- Portrait by Antonio Villavicencio, Museo de Charcas, Sucre

9th President of Bolivia
- In office 27 September 1841 – 23 December 1847 Provisional: 27 September 1841 – 15 August 1844
- Preceded by: Mariano Enrique Calvo (acting)
- Succeeded by: Eusebio Guilarte (acting)

Minister of War
- In office 27 March 1839 – 13 July 1839
- President: José Miguel de Velasco
- Preceded by: Otto Philipp Braun
- Succeeded by: Manuel Eusebio Ruiz

Personal details
- Born: 5 May 1805 La Paz, Viceroyalty of the Río de la Plata (now Bolivia)
- Died: 6 October 1852 (aged 47) Rio de Janeiro, Empire of Brazil
- Resting place: Crypt of the San Francisco Museum, La Paz, Bolivia
- Spouse: Mercedes Coll
- Children: 7 (including Adolfo Ballivián)
- Parent(s): Jorge Ballivián Isidora Segurola

= José Ballivián =

9th President of Bolivia

José Ballivián Segurola (5 May 1805 – 6 October 1852) was a Bolivian general during the Peruvian-Bolivian War. He also served as the ninth president of Bolivia from 1841 to 1847. He advocated during his reign for free-trade economic policies. He also advocated for liberalism.

==Early life==
Born in La Paz to wealthy parents, he was the nephew of Dámaso Bilbao la Vieja. Ballivián had a rather undistinguished military career until his elevation to the post of Commander of the Army in June 1841. He had been a royalist until 1822, but switched sides and joined Lanza's insurrectionist army at the age of 18. His advance in the Bolivian army was unremarkable, although his role was apparently fundamental to the Confederate triumph over Salaverry at the Battle of Socabaya in early 1836. He had been a supporter of Santa Cruz in the 1830s.

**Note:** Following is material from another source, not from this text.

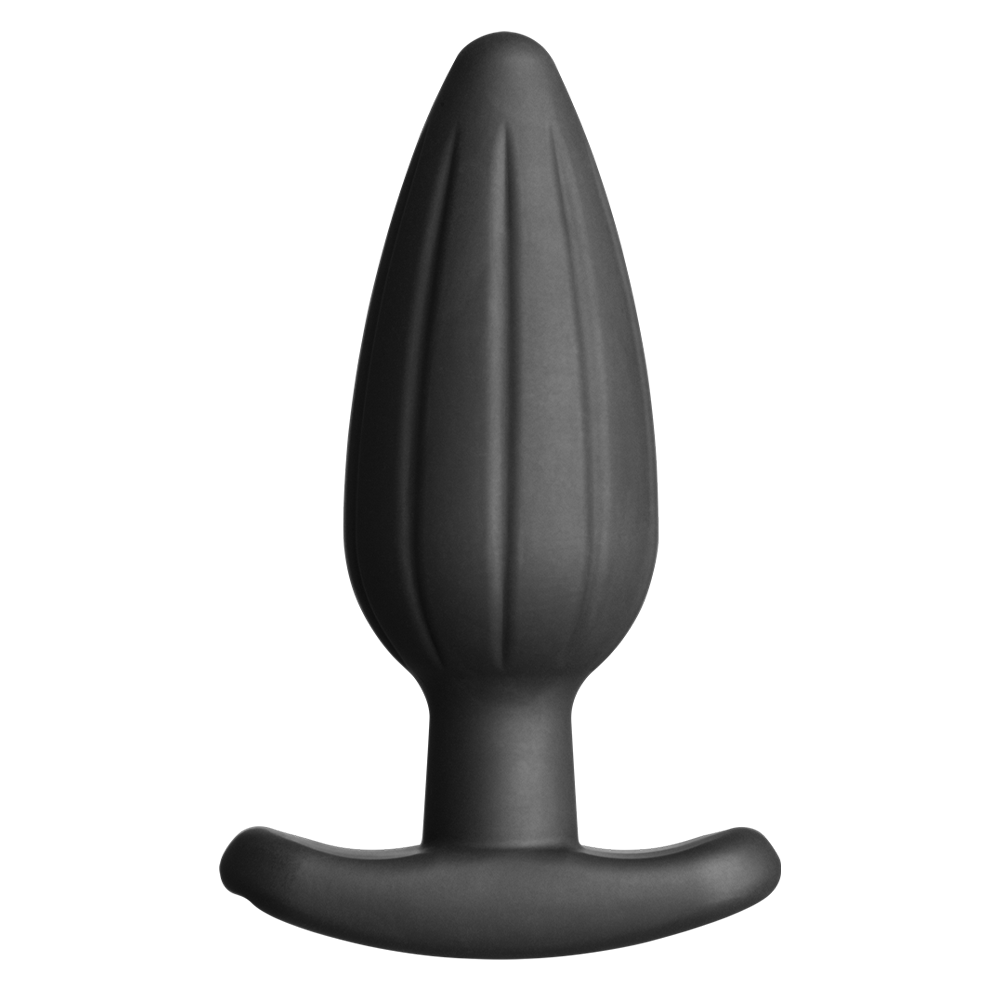 Silicone Noir Rocker Butt Plug - Large Silicone Noir Rocker Butt Plug - Large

== The Battle of Ingavi ==
At age 37 and as Bolivian Army chief, Ballivián united the pro-Velasco and pro-Santa Cruz factions under his command to face-off a massive Peruvian invasion led by President Agustín Gamarra. At the Battle of Ingavi (November 1841), Ballivián achieved a decisive victory against Gamarra, whom he took prisoner and ordered executed.

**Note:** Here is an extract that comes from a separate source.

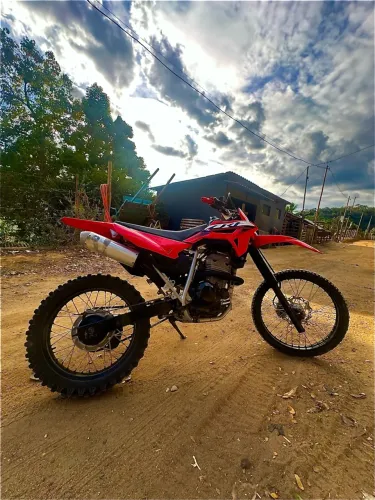 Honda XR 250 Tornado 2008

The victory at Ingavi is regarded by some historians as the high point of Bolivian military history. Ingavi preserved Bolivian independence and made Ballivián a popular figure in a politically fractured nation. Congress almost immediately proclaimed him Provisional President, replacing Calvo. Marshall Santa Cruz, from France, acquiesced to his rule and declined to return in the face of the enormous popularity of the new Caudillo.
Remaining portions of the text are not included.